◆ TASK INSTRUCTIONS
From the line that contains "Little Seeds Monarch" down to the last line of the entries, repeat every line exactly. Do not carry over the pictures.

****

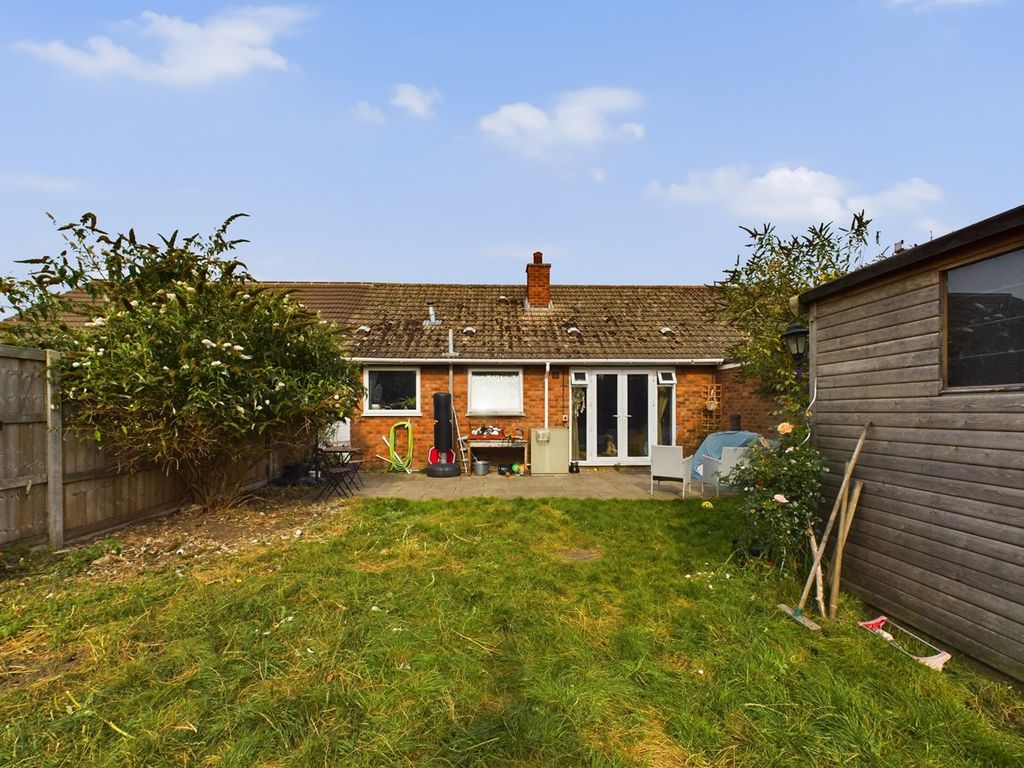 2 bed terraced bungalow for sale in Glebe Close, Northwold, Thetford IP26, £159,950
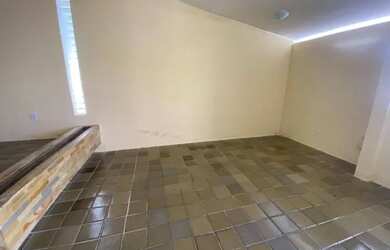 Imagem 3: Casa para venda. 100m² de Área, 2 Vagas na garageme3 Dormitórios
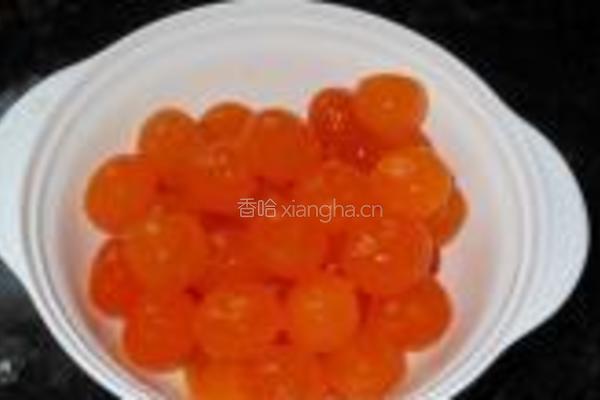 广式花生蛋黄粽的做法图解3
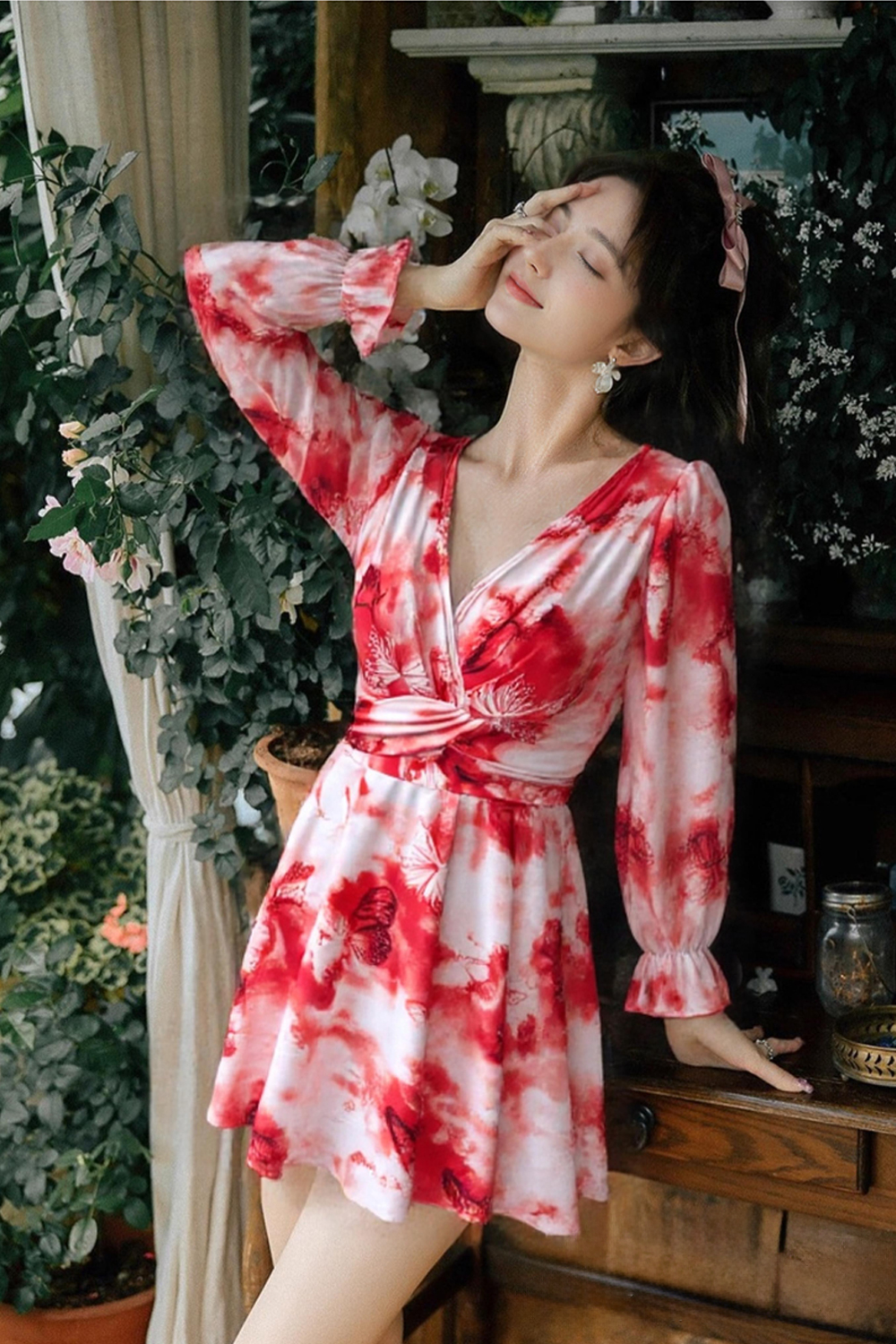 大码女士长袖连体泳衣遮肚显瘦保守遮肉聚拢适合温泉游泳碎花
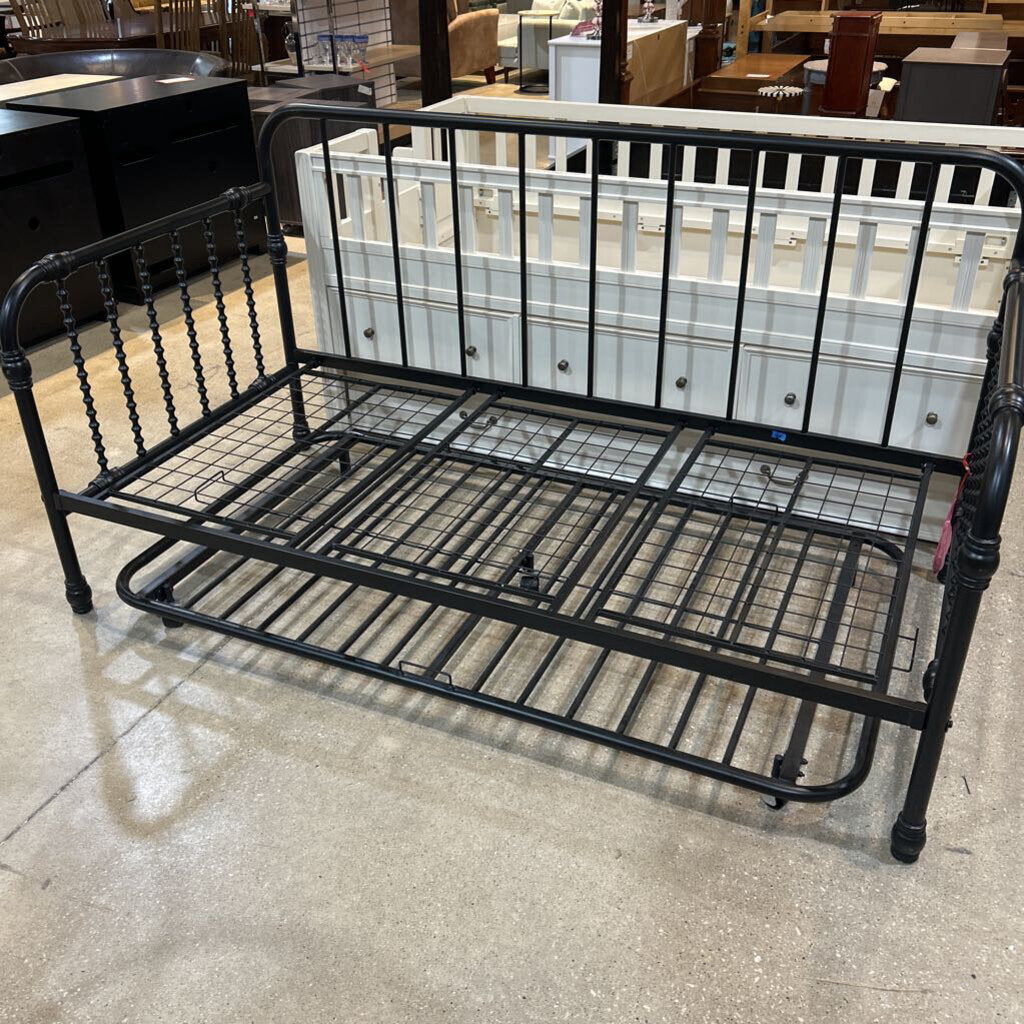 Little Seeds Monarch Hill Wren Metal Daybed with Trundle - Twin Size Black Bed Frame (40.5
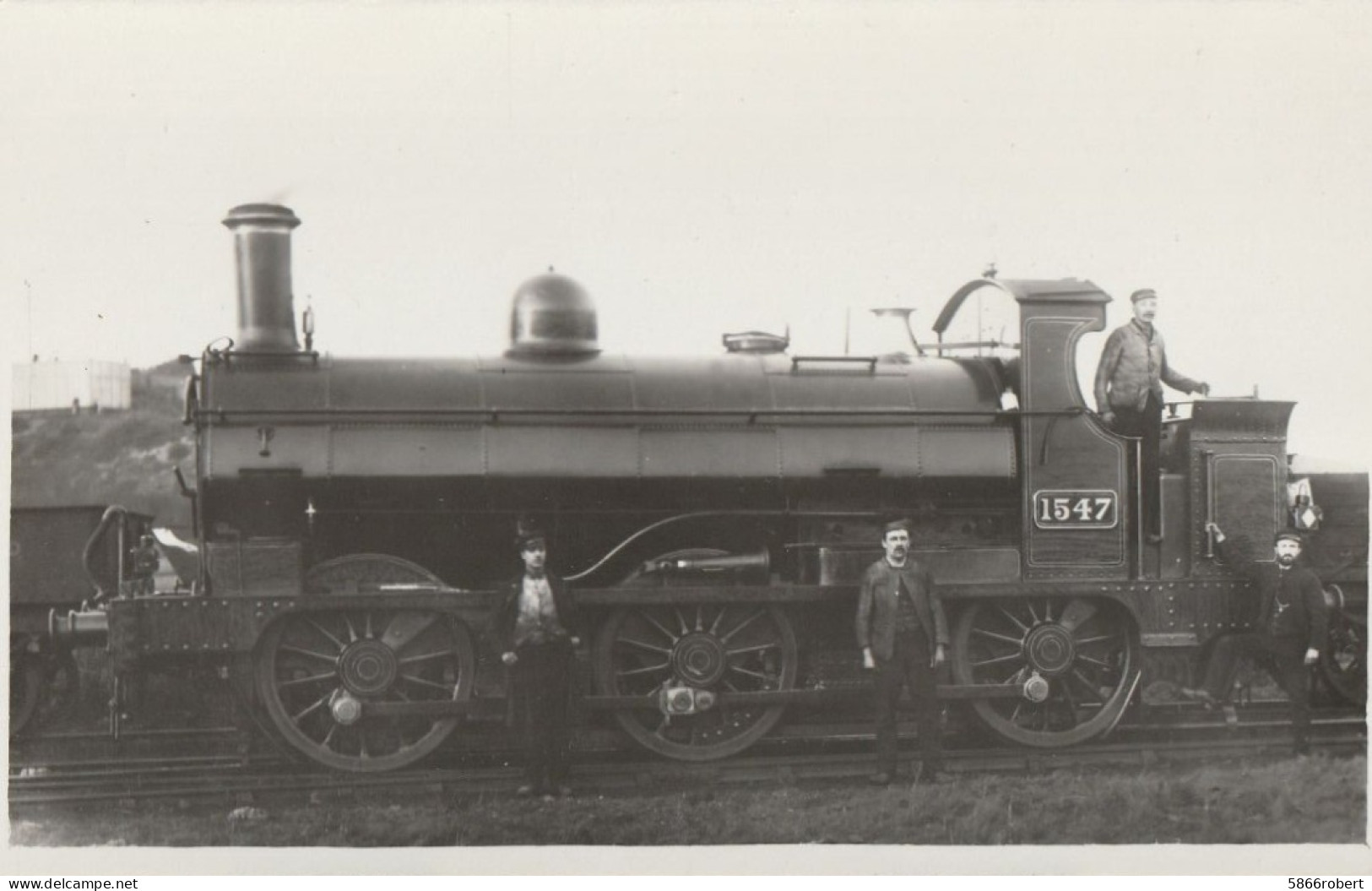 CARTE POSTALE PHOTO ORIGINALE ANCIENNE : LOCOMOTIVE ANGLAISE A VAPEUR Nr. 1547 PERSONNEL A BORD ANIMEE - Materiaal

****

◆ RESPONSE
 Little Seeds Monarch Hill Wren Metal Daybed with Trundle - Twin Size Black Bed Frame (40.5
 CARTE POSTALE PHOTO ORIGINALE ANCIENNE : LOCOMOTIVE ANGLAISE A VAPEUR Nr. 1547 PERSONNEL A BORD ANIMEE - Materiaal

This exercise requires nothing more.